The number of Demodex mites was determined based on its morphology (Figures 1A and 1B) and manually counted using a light microscope (Nikon YS100). Patients with Demodex counts (DC) of <5 were excluded from the study, while those with DC ≥5were randomly assigned one of two specific treatmentregimen: (1) lid scrub with tea tree oil (TTO) and tea tree (TT) facial wash (control group, The Body Shop®), or (2) lid scrub with petroleum jelly (study drug, Apollo Pure Petroleum Jelly®). Randomization was achieved by an internet-based randomizer program (Research Randomizer, http://www.randomizer.org/form.htm) and treatment groups were assigned by a co-investigator (EBI) to ensure blinding of the study. Ocular symptomatology and lash findings were recorded every 2 weeks. Lid scrub with TTO or petroleum jelly was administered by a co-investigator (EBI) at the clinic during the initial visit and at 2-week intervals thereafter for 6 weeks. Patients were instructed to apply TT facial wash or petroleum jelly at home on specified intervals daily and advised to fill up a diary indicating the date and times when treatments were applied. This treatment diary was brought to the clinic on every follow-up and shown to the co-investigator (EBI).

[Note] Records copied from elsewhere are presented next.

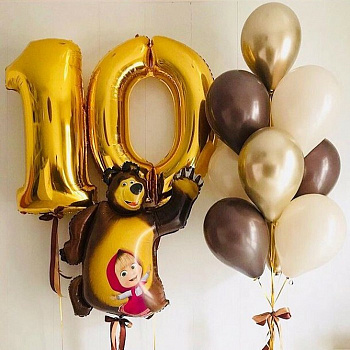 Шары на 10 лет «Маша и Медведь»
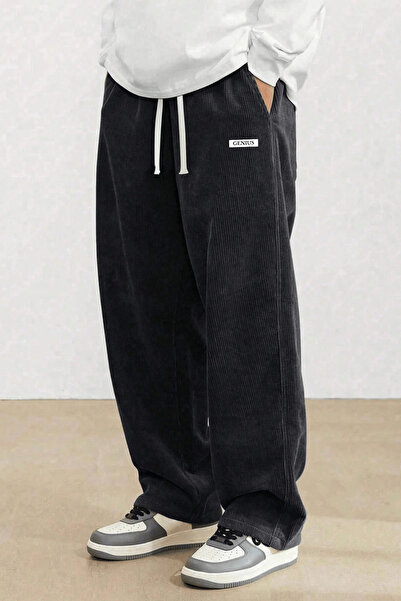 GENIUS STORE بنطلون رجالي من جينيوس مصنوع من قماش الكتان المضلع ذو أرجل واسعة...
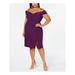 R&M RICHARDS Womens Purple Short Sleeve Off Shoulder Knee Length Sheath Formal Dress Size 20W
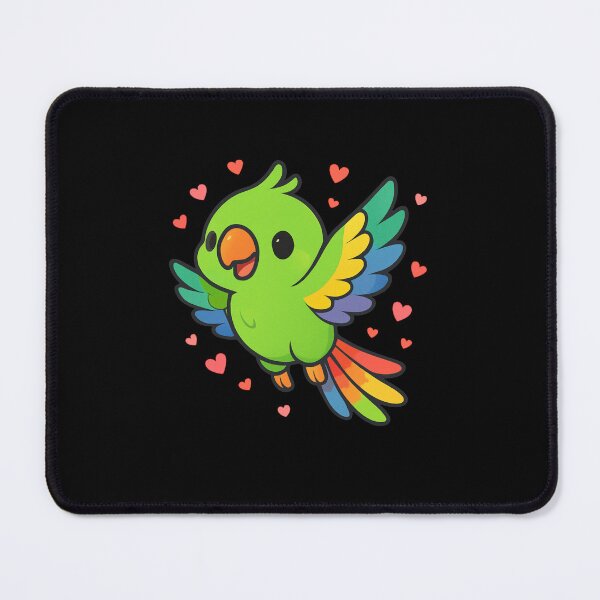 Item preview, Pixie the Parrot – Vibrant Parrot with Rainbow Tail Flying Through Heart Confetti designed and sold by ColorSplash123.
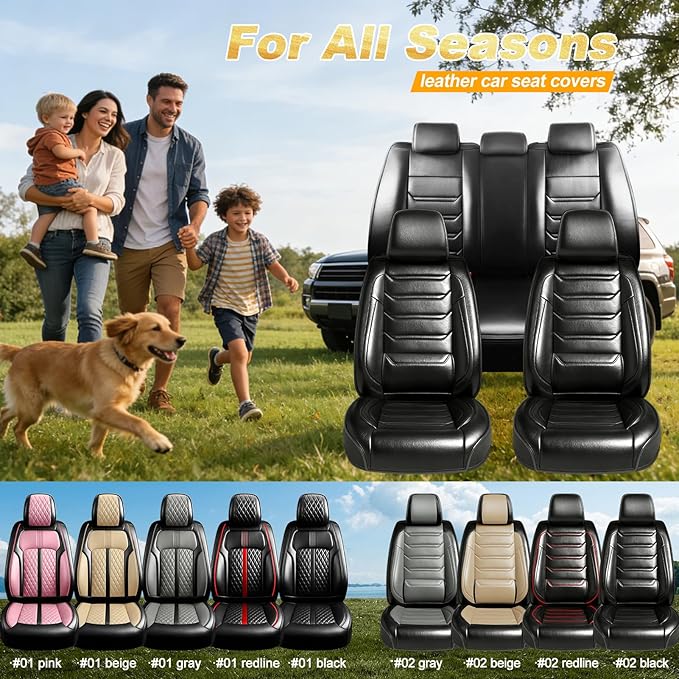 Fit Tahoe Car Seat Covers (Front Pair) for Select Chevrolet/Chevy Tahoe 2000-2025 2026 - Premium Full Coverage Leather, Waterproof & All Weather Seat Cushion Protector, Black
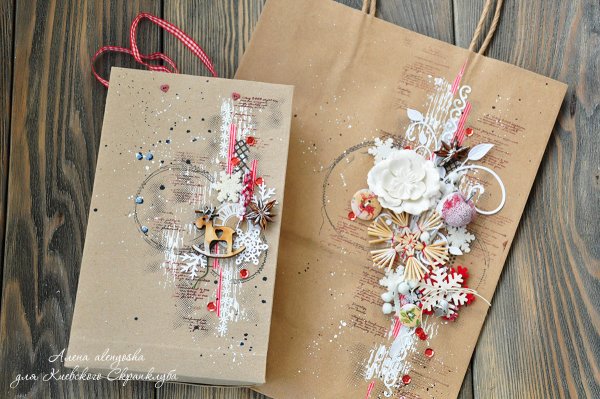 Рождественская открытка на крафт картоне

At the end of 6 weeks, lash sampling using the same modified Coston method was done. DC post-treatment was recorded, and digital photographs of the eyelids were taken.

Main outcome measures were Demodex counts pre- and posttreatment. Secondary outcome measures included symptom scores pre- and posttreatment and any adverse events noted during and after treatment. Successful treatment was confirmed with any decrease in Demodex counts after 6 weeks of treatment. Treatment failure, on the other hand, was declared when Demodex counts remained the same or increased after treatment.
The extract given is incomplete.